WORK ORDER:
Without the pictures, retype each line below exactly as it stands.

MATERIAL PROVIDED:

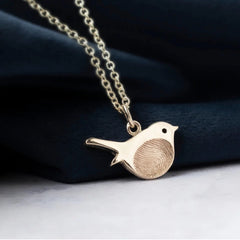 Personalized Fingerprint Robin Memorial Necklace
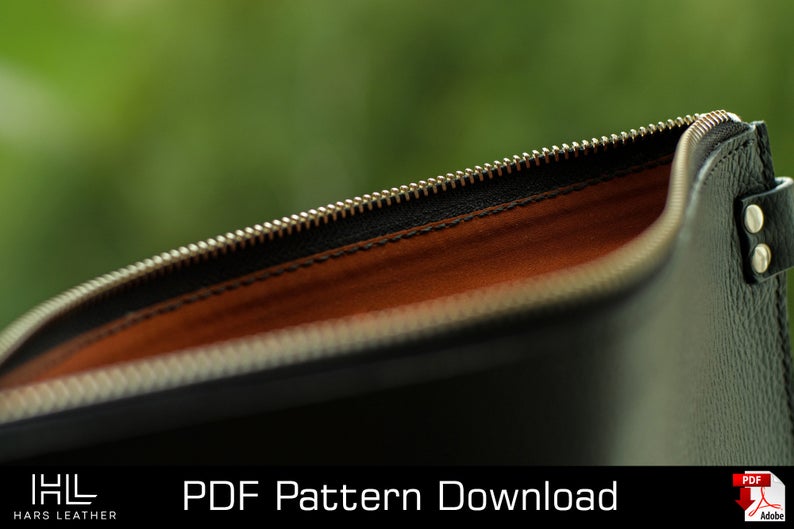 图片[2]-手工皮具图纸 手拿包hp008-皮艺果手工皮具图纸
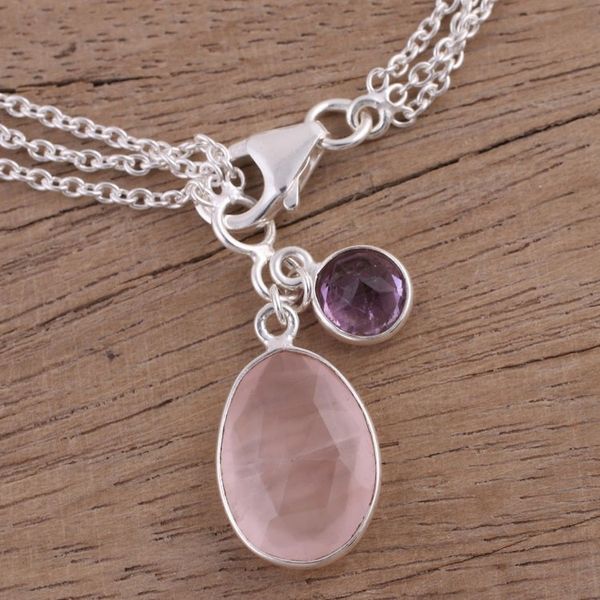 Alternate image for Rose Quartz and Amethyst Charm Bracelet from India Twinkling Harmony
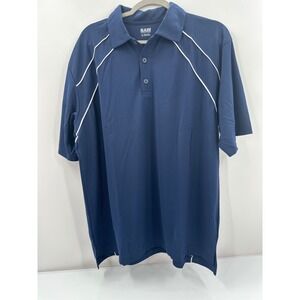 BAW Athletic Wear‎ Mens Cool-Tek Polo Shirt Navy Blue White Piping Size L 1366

RESPONSE:
 Personalized Fingerprint Robin Memorial Necklace
 图片[2]-手工皮具图纸 手拿包hp008-皮艺果手工皮具图纸
 Alternate image for Rose Quartz and Amethyst Charm Bracelet from India Twinkling Harmony
 BAW Athletic Wear‎ Mens Cool-Tek Polo Shirt Navy Blue White Piping Size L 1366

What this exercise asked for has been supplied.